A childhood drawing of happy-faced raindrops falling showed the splattered ones with upset faces.
"It's a conceptual drawing," he said to much laughter from the mostly student audience in the VCU Commons Theater today.
The product of an artist mother and computer geek father, McGinnis was raised ina DIY household with activity stations everywhere.
Living in Virginia Beach, he grew up immersed in the surf and skate cultures, recognizing the power logos had (see: 17th Street Surf Shop) and attracting him to the world of design..
It was in his junior high school band days ("I was in a bedroom band.
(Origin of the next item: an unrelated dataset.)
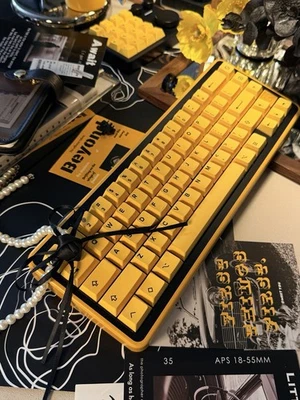 Prebuilt Aluminum Customized Mechanical Thocky Keyboard BUFF65 Yellow Black Set - Image 1 of 4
We never made it to the garage.") that he realized that music wasn't his strength and that creating the album art, T-shirts and flyers was what really interested him.
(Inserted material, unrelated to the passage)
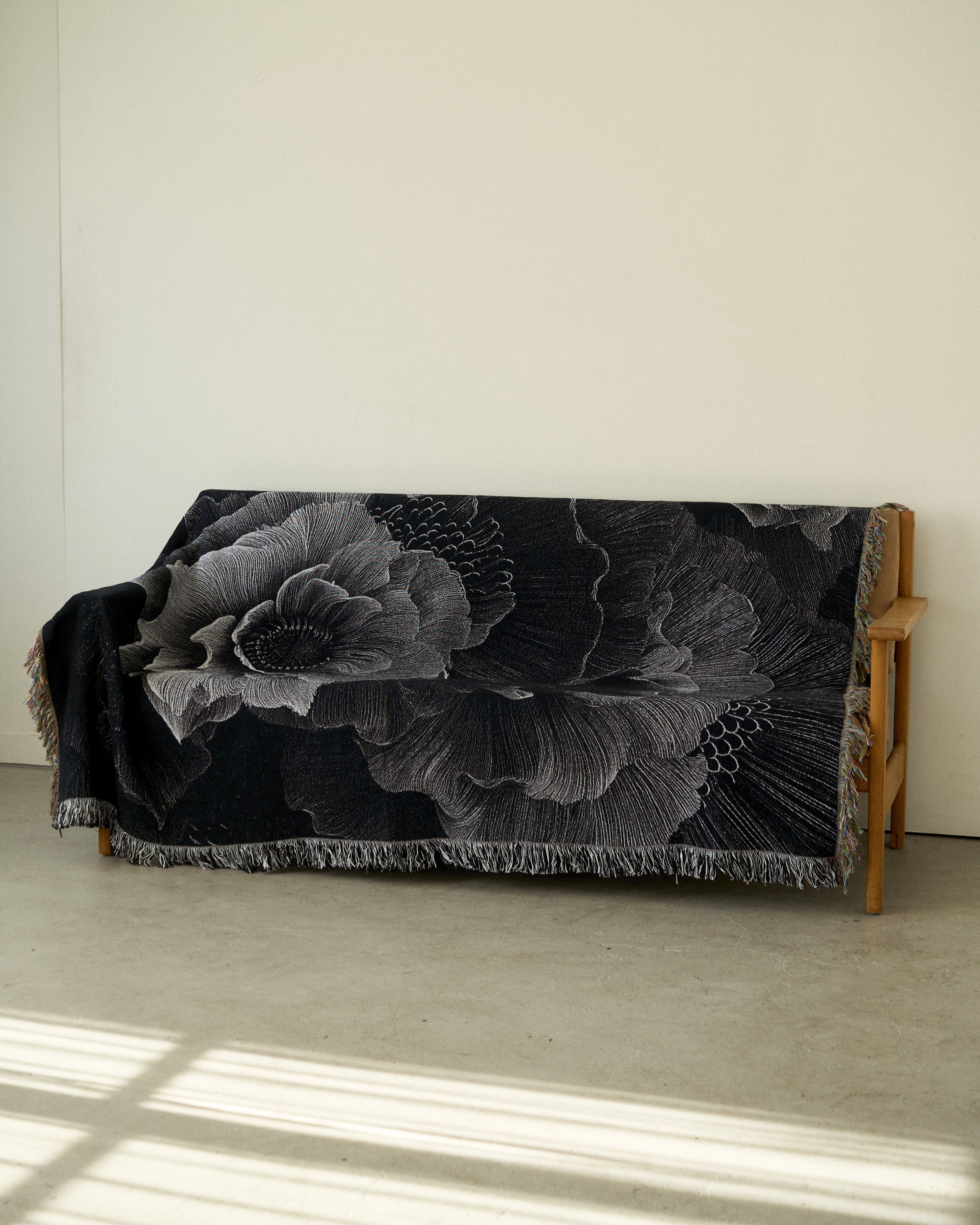 Monochrome Bloom Throw Blanket | iMPeRF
McGinnis spoke a lot about the enormous piece he spent three years working on for the VMFA.
The sixteen four-foot square panels are a mashup of images taken from the museum's collection and greet viisitors as they arrive at the museum's new entrance.
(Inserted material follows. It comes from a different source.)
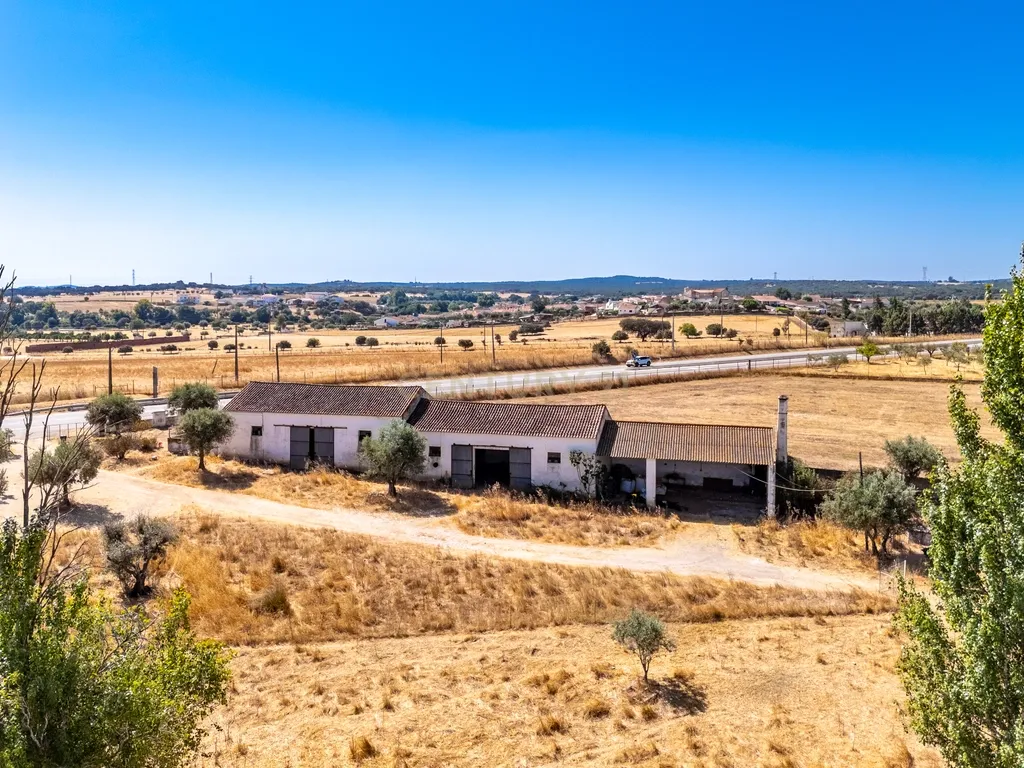 Propriedade, em Prédio Misto, com 17.000m2 localizada a 5Km de Estremoz - Image 20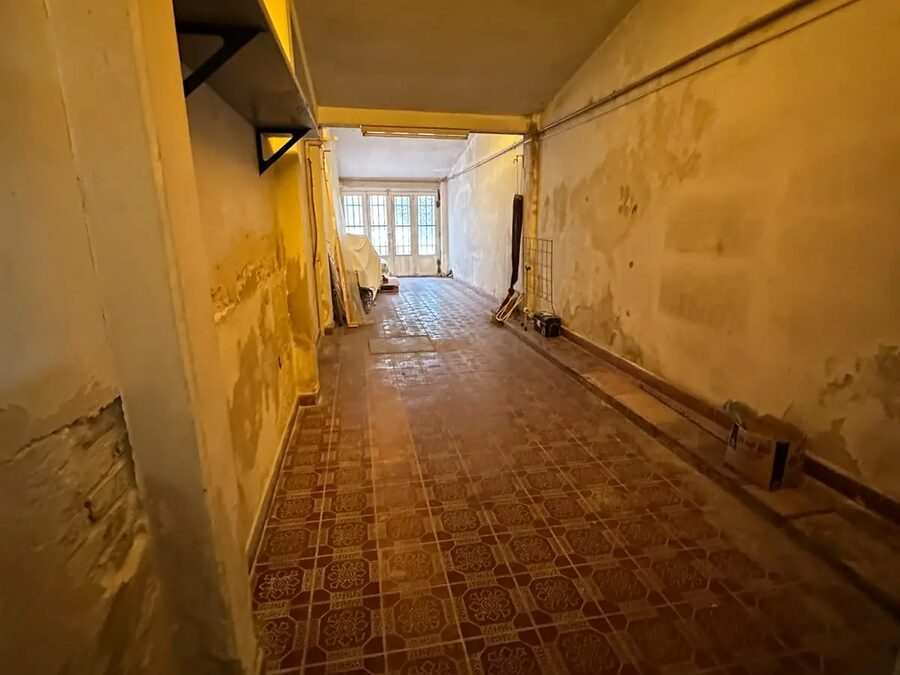 ¡OPORTUNIDAD UNICA EN ESQUINA! CASA 2 DORMITORIOS + LOCAL COMERCIAL!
He made drawings from 200 of the works after choosing what appealed to him from the museum's holdings.
He showed the stages of his sketches for "Art History is Not Linear" which ultimately became the images in the panels.
In many cases, he recreated only a piece of a larger whole, like a knife from a still life or a face and folded hands.
And he stressed that there was no color correlation to the originals; rather, he intuitively chose the color for each drawing before overlaying them.
His latest work is a series called "Women," of which 65 pieces of a projected 200 have been completed.
They are done in black light paint and, like the VMFA piece, are a collage of assembled images, but this time of women's figures.
These new pieces have been shown only in strip clubs, one in NYC and one in Miami, that one notable because it was across from a more traditional art venue; it was an attempt to entice visitors to a non-traditional art venue.
At the Miami club, he also painted some of the dancers.
At that point, a student raised his hand. "Uh, could you explain this further please?" he requested in a small voice.
McGinnis did, but that's not to say that the student understood his objectives.
The students had endless questions about motive, technique and commerce.
But his advice to would-be artists was crystal clear and was received by the student body with a resounding silence.
"If you have a choice, don't be an artist."
Ryan McGinnis didn't have that choice, he said, and now his work hangs at MOMA and VMFA, among others.
I'd say the chance of the artists in that room taking his advice are slim to none.
And Slim just left town.
Therein lies the optimistic beauty of the artistic soul.